No. 05-714
IN THE SUPREME COURT OF THE STATE OF MONTANA
2006 MT 153
IN THE MATTER OF
T.W. and J.M.,
Youths In Need Of Care.
APPEAL FROM: The District Court of the Eighteenth Judicial District,
In and For the County of Gallatin, Cause No. DN-04-01,
Honorable Holly Brown, Presiding Judge
COUNSEL OF RECORD:
For Appellant:
Robert J. Quinn, Attorney at Law, Bozeman, Montana
For Respondent:
Honorable Mike McGrath, Attorney General; Jennifer Anders,
Assistant Attorney General; Helena, Montana
Marty Lambert, County Attorney, Bozeman, Montana
Todd Hillier, Attorney at Law, Bozeman, Montana (Guardian Ad Litem)
Submitted on Briefs: May 17, 2006
Decided: July 11, 2006
Filed:
__________________________________________
Clerk
Justice W. William Leaphart delivered the Opinion of the Court.
¶1 R.M., the father of J.M., appeals the District Court’s order terminating his parental
rights. The dispositive issue on appeal is whether the District Court properly admitted
hearsay testimony from Officer Darcy Dahl that created the evidentiary support for
designating J.M. a youth in need of care. We affirm.
BACKGROUND
¶2 This case involves the welfare of four-year-old J.M., born March 13, 2002, to
R.M. and L.W., his father and mother, respectively. In July 2003 the Department of
Health and Human Services (DPHHS) took protective custody of J.M. and his half-
brother, T.W., after police interrupted a domestic disturbance involving L.W., her
boyfriend and her parents. At the time of the incident, the boys were running around
without shoes in a yard full of broken toys, trash, lawn tools, coolers and other items.

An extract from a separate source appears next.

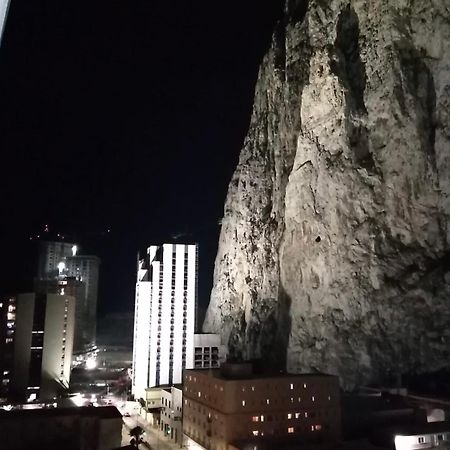 Cp High Floor Luxury Studio Sleeps 3 Gibraltar Eksteriør bilde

¶3 After initial proceedings in the Third Judicial District Court, the case was
transferred to the Eighteenth Judicial District Court, Gallatin County, upon request by the
Powell County Attorney. The court held a dispositional hearing and although L.W. and
R.M. chose not to attend, the court approved treatment plans for both parents. Because
R.M. resided in jail at the time, a social worker visited R.M. to discuss how he could
successfully complete the plan while incarcerated. R.M. did not sign the treatment plan
and apparently disagreed with its implementation.
¶4 The court held a review hearing in July 2004, with neither of J.M.’s parents in
attendance. At this point, R.M. was still in jail and L.W. had moved to Washington State.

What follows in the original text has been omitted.